Unfortunately, I am not aware of ANY of these situations where a town has agreed to contribute anything whatsoever to maintenance. The closest case I can think of is one where a town owned a large tract of public land at the end of a road that had at one time been maintained by the town. Part of the road had been discontinued, but the town had not been maintaining an even longer section.
The other abutters decided to form a road association and tried to get the town to be a member. It was revealed that the town had been shirking their duty on the unmaintained portion for years, and the last I heard, I believe the Town was thinking maybe they'd better step in and resume maintenance of the whole road. (I have not heard whether or not they actually did.)
But that's the exception rather than the rule. Generally in these cases the town will refuse to contribute anything. I believe they claim some sort of public privilege or immunity.
You might want to try contacting attorney Mary Denison in Winthrop, as at one time I heard she was looking into the possibility of a lawsuit against a town that owned public land on a private road. I would think there might be a Constitutional argument regarding forcing private individuals to maintain a road for the public's use at private expense without due process or just compensation.
I do know that there was a lawsuit in 1970, Jordan v the Town of Canton, in which the Maine Supreme Court ruled that a law which created public roads with no public maintenance was unconstitutional because the public's use in the absence of public maintenance would inevitably destroy property access. Access is a property right attached to the land, and when that access is damaged, that constitutes a "taking," requiring both due process and just compensation.
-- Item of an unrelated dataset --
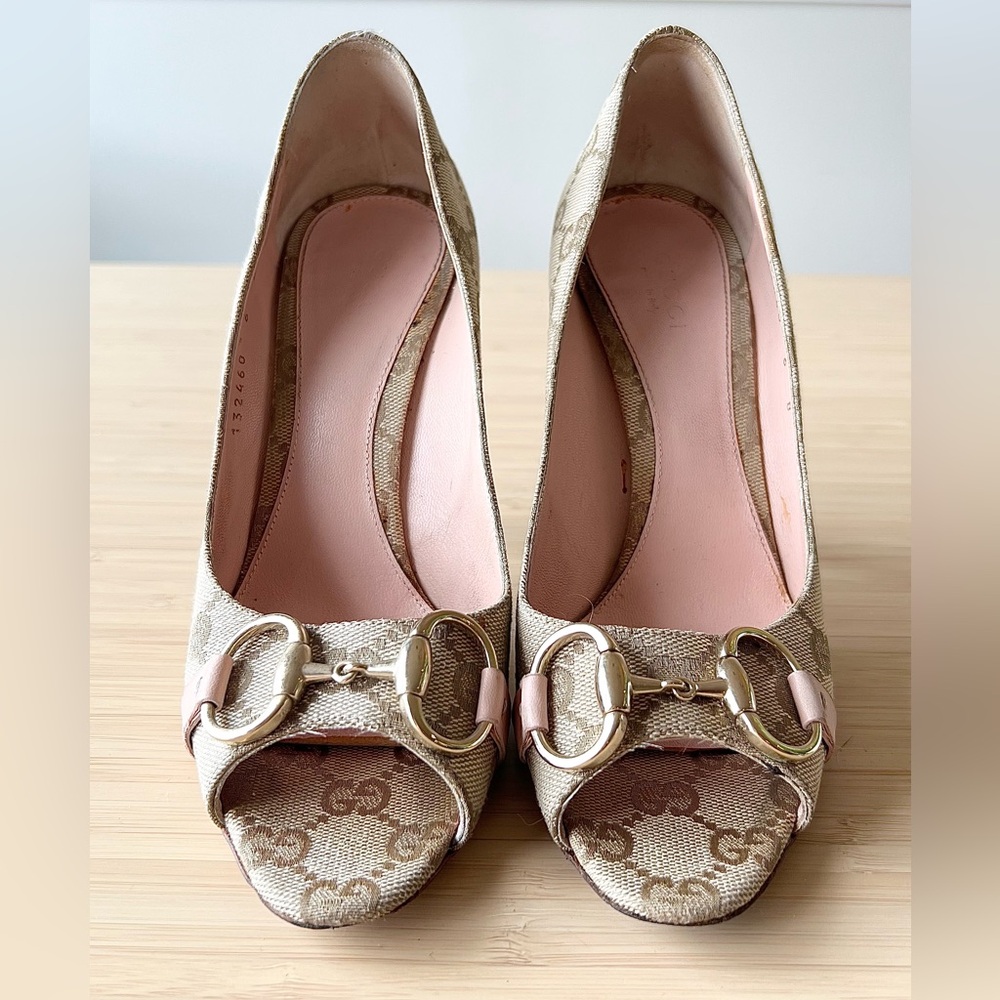 Gucci GG Marmont Horsebit Peep Toe Heels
So far, the Courts have not ruled on why this does not also apply to "public easements" on discontinued roads (or in your case, public rights of access to public property over private roads.) It has been assumed that since due process and just compensation are provided when a road is discontinued, that is sufficient. But that ignores the fact that every time a landowner repairs the access to his property and public use damages it again, there is a new taking with no due process or just compensation.